For the first time ever, our family could not find one week to take for a vacation and go anywhere together. Instead, we opted for one week at Emerald Isle so that the teens could drive back and forth for their schedules.
They are all going places. Our oldest daughter took a discovery trip with the Teaching Fellows Program and went all across North Carolina. She has a new appreciation for this great state we call home.
The younger one is attending a student council convention in Colorado and gets to fly for the first time. We won't be with her to laugh and joke with her when she gets nervous.
All of the girls in our family, and I include the nieces here, are busy and going all over the place this summer. They are going in all different directions though, and that's why getting the "we" time has been so hard this year.
It doesn't help that I have a motherly sadness knowing that this is the last summer before my baby girl leaves the nest.
I know from the experience we are sharing with our oldest that she will come back to eat, do laundry and get money.
But, will it be the same?
I've learned that after my daughter's first two weeks home from college, it actually can be very much the same, and in some ways even better.
Summer has always been my favorite time of year to be a mother. I can't count the days we've spent on the beach, first when they were still in diapers and later as they learned to surf.

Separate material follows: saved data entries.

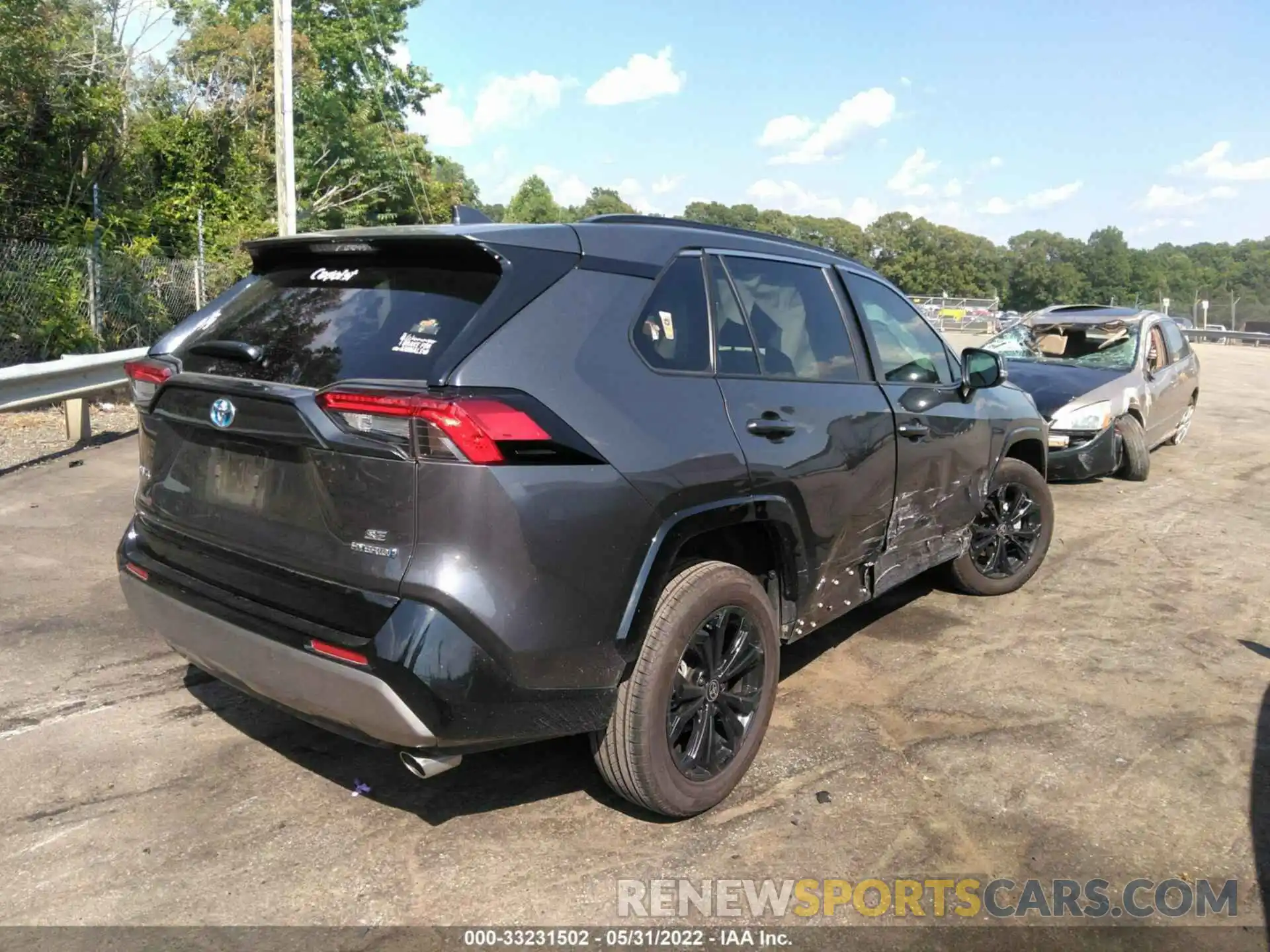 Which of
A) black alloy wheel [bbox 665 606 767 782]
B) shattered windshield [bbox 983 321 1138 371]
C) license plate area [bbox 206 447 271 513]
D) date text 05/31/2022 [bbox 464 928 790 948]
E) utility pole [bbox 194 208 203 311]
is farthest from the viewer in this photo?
utility pole [bbox 194 208 203 311]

Now, mom stays home and they load up the car with friends and boyfriends, or even go by themselves.
It's all part of life and I wouldn't have it any other way, but still I get a little blue with the realization that time just keeps marching on - with or without my consent.
Lazy days spent in the hammock listening to the "Summer Fantasy Series" of classical music on public radio and reading great books together are gone.

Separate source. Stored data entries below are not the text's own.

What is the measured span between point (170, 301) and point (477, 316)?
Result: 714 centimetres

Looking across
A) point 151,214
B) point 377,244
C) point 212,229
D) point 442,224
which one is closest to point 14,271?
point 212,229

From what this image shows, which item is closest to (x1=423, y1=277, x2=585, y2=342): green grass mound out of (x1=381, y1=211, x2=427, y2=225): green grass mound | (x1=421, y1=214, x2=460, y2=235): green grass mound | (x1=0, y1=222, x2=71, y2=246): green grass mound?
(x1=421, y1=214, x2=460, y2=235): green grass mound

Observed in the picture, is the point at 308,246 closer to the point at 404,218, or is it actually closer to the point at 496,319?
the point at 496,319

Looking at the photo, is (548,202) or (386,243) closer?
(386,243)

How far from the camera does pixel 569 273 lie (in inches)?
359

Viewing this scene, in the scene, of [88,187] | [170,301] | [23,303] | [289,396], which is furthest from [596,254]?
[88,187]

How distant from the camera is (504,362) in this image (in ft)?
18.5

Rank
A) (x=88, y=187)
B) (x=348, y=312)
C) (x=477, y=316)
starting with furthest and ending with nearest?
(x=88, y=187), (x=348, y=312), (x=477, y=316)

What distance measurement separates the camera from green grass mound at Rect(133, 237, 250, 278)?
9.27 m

Now, there is a young man napping in my hammock and snuggling with my daughter. I do still get to hear great classical music from our resident music major, but it's not the same.
Enough whining, I know. Kids grow up and moms get old and summers come and go. I know that.
But, I hope that as all of you young mothers read this, you realize that every single moment you have with your child is a teachable moment. Every experience from the homemade popsicles and sidewalk chalk art to the sand castles and birthday parties for Mozart counts. Every moment matters.
You are not only teaching them about ABCs and 123s, you are teaching them how to laugh, how to love and how to live.
Kim Smith is a member of the Craven County Board of Education and the mother of two daughters.